Offset mortgages were popular in the late 90s and early 2000s, but since then have fallen out of favour. However, some brokers have reported increasing demand for them, saying that they appear to be making a comeback.

In 2008, almost 10 per cent of new mortgages were offsets, according to the trade association UK Finance. In February this year, just 1.1 per cent of new mortgages were offset.

However, Justin Moy, managing director of EHF Mortgages, told i his firm have seen more and more enquiries about offset mortgages in recent months.

He said: “We have certainly seen higher demand for offset mortgages recently. They are ideal for those with good savings balances, or receive regular bonus or commission income, as it allows the borrower to either reduce their mortgage payments or repay their mortgage earlier, enjoying a better return on their deposits.

“When mortgage rates are higher, that saving can be considerable saving thousands in interest costs over the duration of the term.”

Simon, 47, and Ellen managed to save £1,893 in interest over the past year alone, they said.

But only a handful of lenders currently offer offset mortgages including Coventry Building Society, Accord Mortgages, Scottish Widows Bank, Clydesdale Bank, and Barclays.

Despite this, if you can find a good deal, David Hollingworth, associate director at L&C Mortgages said that right now could be the perfect time to consider an offset mortgage.

He said: “Although the current climate could be a perfect time to consider offsetting, there isn’t an enormous range of offset options on the market. The rates on offset deals are typically higher than a standard deal so it will suit those that will be able to make good use of the offset functionality.

“Those with only a small proportion of the mortgage in savings could find that they are paying a higher mortgage rate that isn’t made up through the benefit of offset.

“As a result, offset is still a relatively small proportion of the market. A few lenders continue to support the market but as we are now in a higher rate environment it would be good to see improved choice for what remains a really useful product.”

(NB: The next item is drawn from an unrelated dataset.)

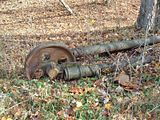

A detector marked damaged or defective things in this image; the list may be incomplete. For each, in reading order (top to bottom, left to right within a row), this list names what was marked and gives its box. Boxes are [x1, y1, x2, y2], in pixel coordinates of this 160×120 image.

rusty metal pulley [24, 42, 75, 79]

Pros and cons of offset mortgages

Offset mortgages won’t be the right choice for everyone. Here are the things you should consider below:

Pros
1. Flexibility: You can choose to make lower monthly payments and still pay back your loan over the full term.
2. Your offset savings will not earn interest so you have no tax to pay on them. But you’re still, effectively, getting a return from those savings by reducing the amount of interest you pay on your mortgage.
3. Offset mortgages allow you to access your savings at any point without having to remortgage.

Cons
1. Rates are generally higher than if you took the equivalent loan on repayment terms. This is partly because the market is quite limited.
2. You will need a fairly large deposit of at least 20 per cent (25 per cent with some lenders).
3. Although your savings remain accessible, you will need to bear in mind that making a withdrawal will lessen the benefits you receive using this type of mortgage.